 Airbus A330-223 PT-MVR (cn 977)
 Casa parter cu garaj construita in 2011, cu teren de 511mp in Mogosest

--

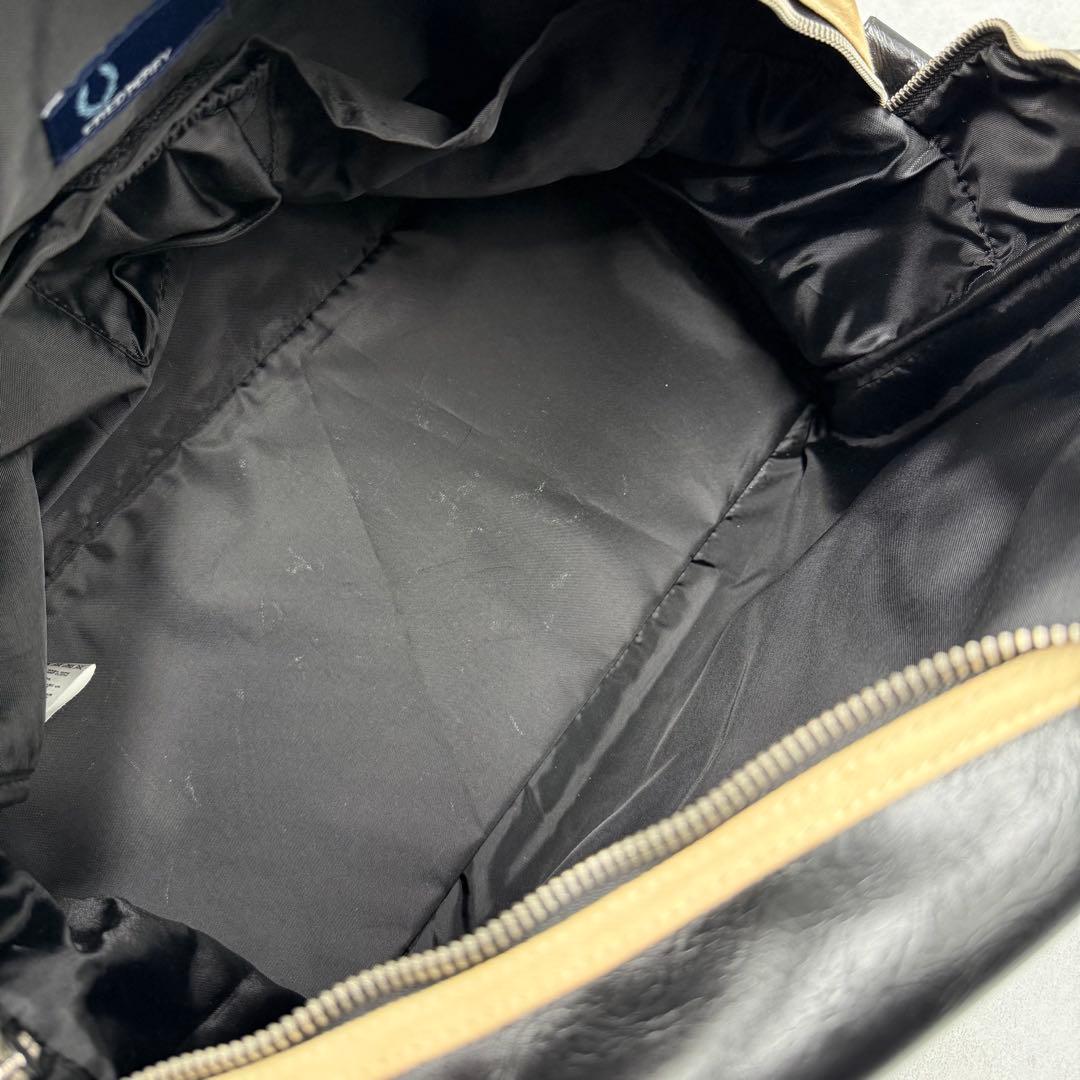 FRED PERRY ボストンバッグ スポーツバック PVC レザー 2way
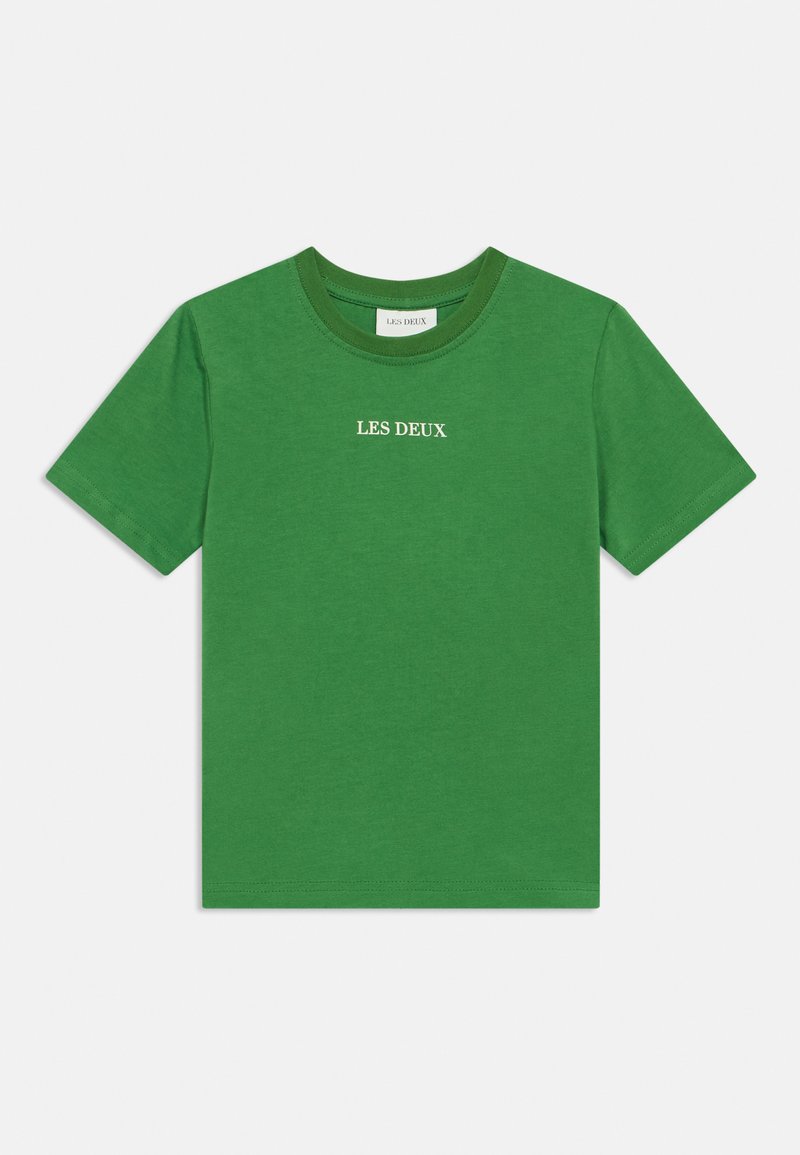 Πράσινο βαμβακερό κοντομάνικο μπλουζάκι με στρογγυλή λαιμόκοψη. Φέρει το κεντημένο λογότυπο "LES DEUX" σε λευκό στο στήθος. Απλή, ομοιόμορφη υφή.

→ **WHAT YOU HAVE TO DO**
Starting at the line that contains "FRED PERRY ボストンバッグ スポーツバック PVC レザー 2way" and ending at the line that contains "Πράσινο βαμβακερό κοντομάνικο", transcribe the material above exactly, excluding pictures.

→ **OUTPUT FOR THIS EXERCISE**
 FRED PERRY ボストンバッグ スポーツバック PVC レザー 2way
 Πράσινο βαμβακερό κοντομάνικο μπλουζάκι με στρογγυλή λαιμόκοψη. Φέρει το κεντημένο λογότυπο "LES DEUX" σε λευκό στο στήθος. Απλή, ομοιόμορφη υφή.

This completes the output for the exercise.